An Application of Hayashi’s Inequality for Differentiable Functions

Abstract

In this work, we offer new applications of Hayashi’s inequality for differentiable functions by proving new error estimates of the Ostrowski- and trapezoid-type quadrature rules.

1. Introduction

In ([1], pp. 311–312) Hayashi proved the following theorem.

Theorem 1.

Let $p:[a,b]\to \mathbb{R}$ be a nonincreasing mapping on $[a,b]$ and $h:[a,b]\to \mathbb{R}$ an integrable mapping on $[a,b]$ with $0\le h\left(x\right)\le A$ for all $x\in [a,b]$. Then, the inequality

$$\begin{array}{c}\hfill A{\int }_{b-\lambda }^{b}p\left(x\right)dx\le {\int }_a^{b}p\left(x\right)h\left(x\right)dx\le A{\int }_a^{a+\lambda }p\left(x\right)dx\end{array}$$

(1)

holds, where $\lambda =\frac{1}{A}{\int }_a^{b}h\left(x\right)dx$.

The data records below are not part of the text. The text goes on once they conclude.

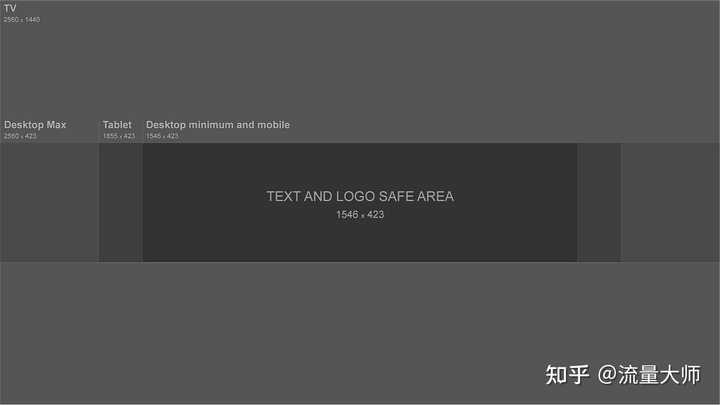 创建多几个youtube油管频道有什么用处？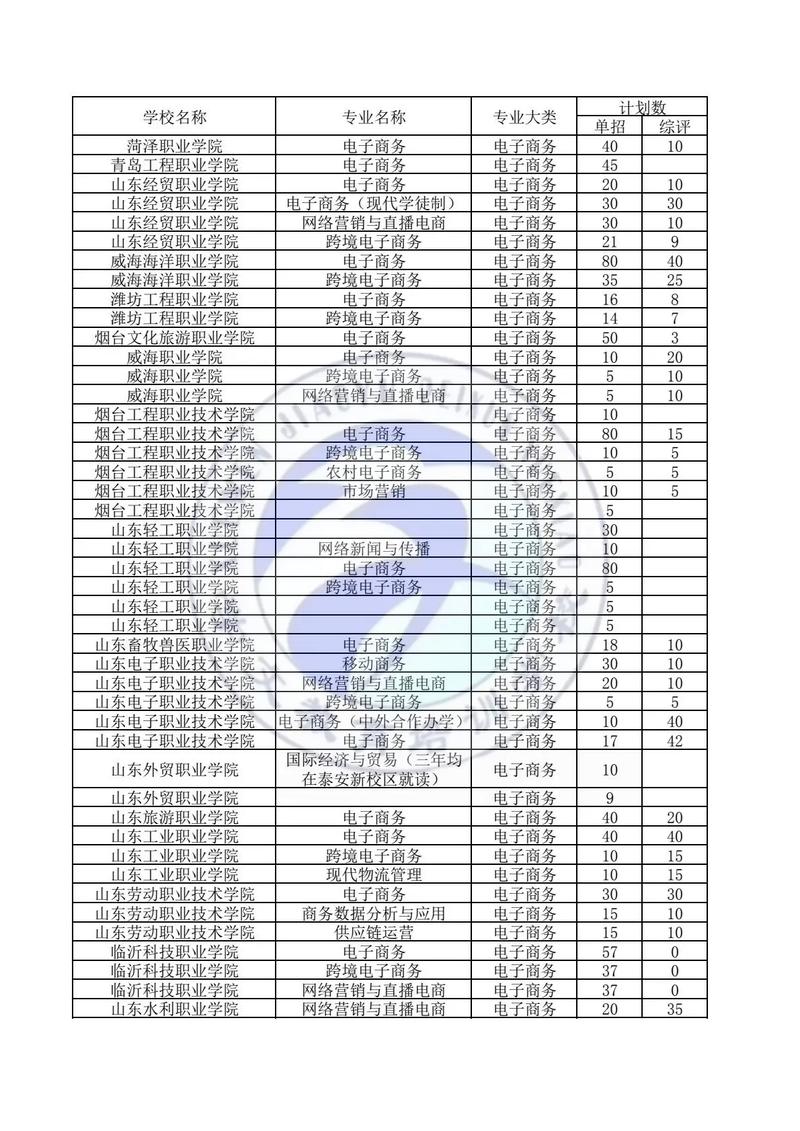 电子商务专业的大专学校，电子商务专业好的专科大学排名-第2张图片-职教招生网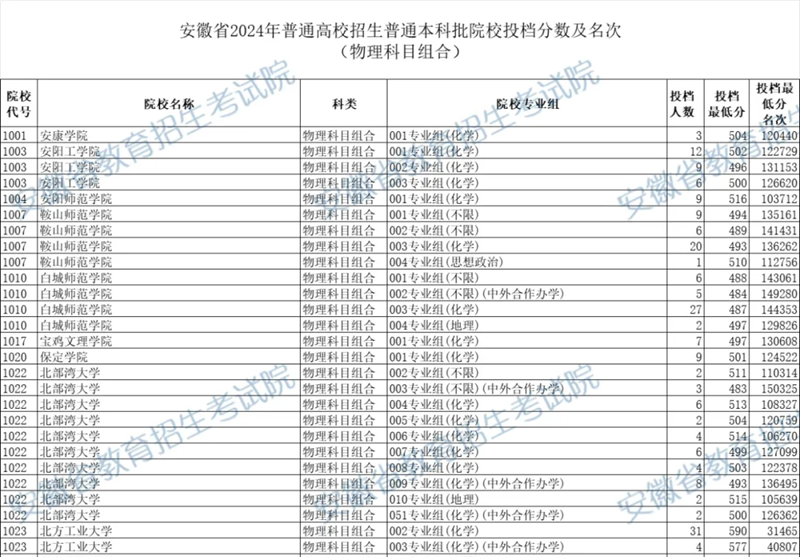 安徽2024年高考本科批投檔線一覽表（2025年參考）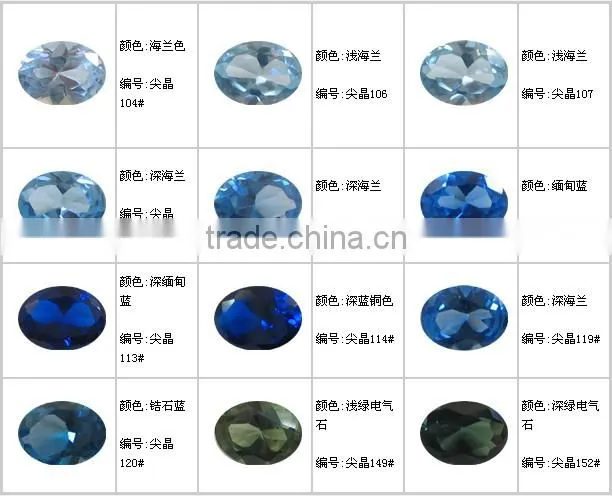 AAAAA High Grade Synthetic Spinel 149# Round shape 2.00mm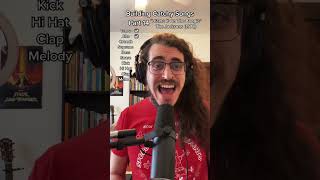 &quot;Blame It On The Boogie&quot; - The Jacksons (Mini Loop Cover)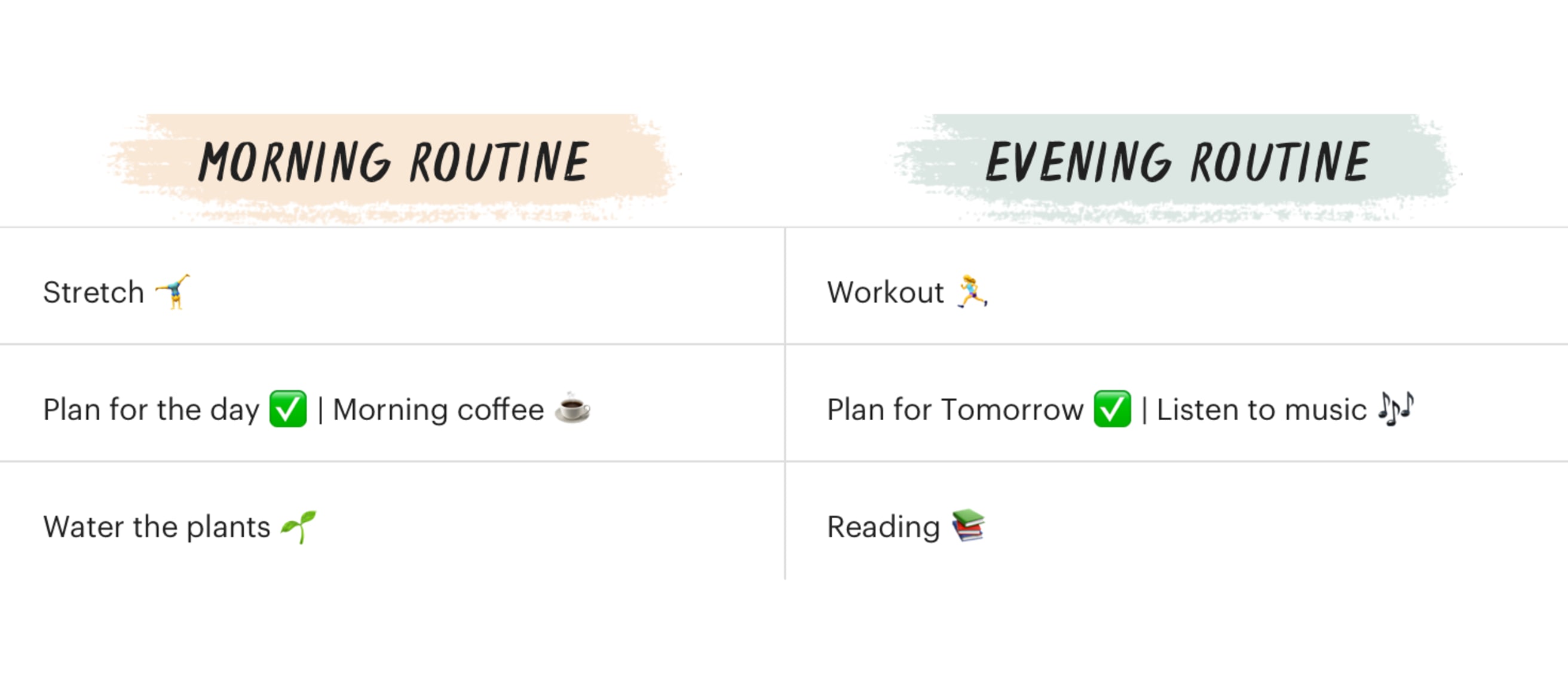 4 Steps to Create an Effective Productivity Planner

Inequality (1), called Hayashi’s inequality, is a simple generalization of Steffensen’s inequality which holds with same assumptions with $A=1$. For recent results concerning Hayashi’s inequality see [2].

In 1996, Agarwal and Dragomir [3] presented an application of this inequality as follows.

Theorem 2.

Let $f:I\subseteq \mathbb{R}\to \mathbb{R}$ be a differentiable mapping on $I^{\circ }$ (the interior of I) and $[a,b]\subseteq I^{\circ }$ with $M=\underset{x\in \left[a,b\right]}{sup}{f}^{\prime }\left(x\right)<\infty$, $m=\underset{x\in \left[a,b\right]}{inf}{f}^{\prime }\left(x\right)<\infty$ and $M>m$. If $f^{\prime }$ is integrable on $[a,b]$, then the following inequality holds

$$\begin{array}{cc}\hfill & \left|\frac{1}{b-a}{\int }_a^{b}f\left(t\right)dt-\frac{f\left(a\right)+f\left(b\right)}{2}\right|\hfill \\ \hfill & \le \frac{\left[f\left(b\right)-f\left(a\right)-m\left(b-a\right)\right]\left[M\left(b-a\right)-f\left(b\right)+f\left(a\right)\right]}{2\left(M-m\right)\left(m-a\right)}\hfill \\ \hfill & \le \frac{\left(M-m\right)\left(b-a\right)}{8}.\hfill \end{array}$$

(2)

This elegant inequality presents an error estimation for the trapezoidal rule.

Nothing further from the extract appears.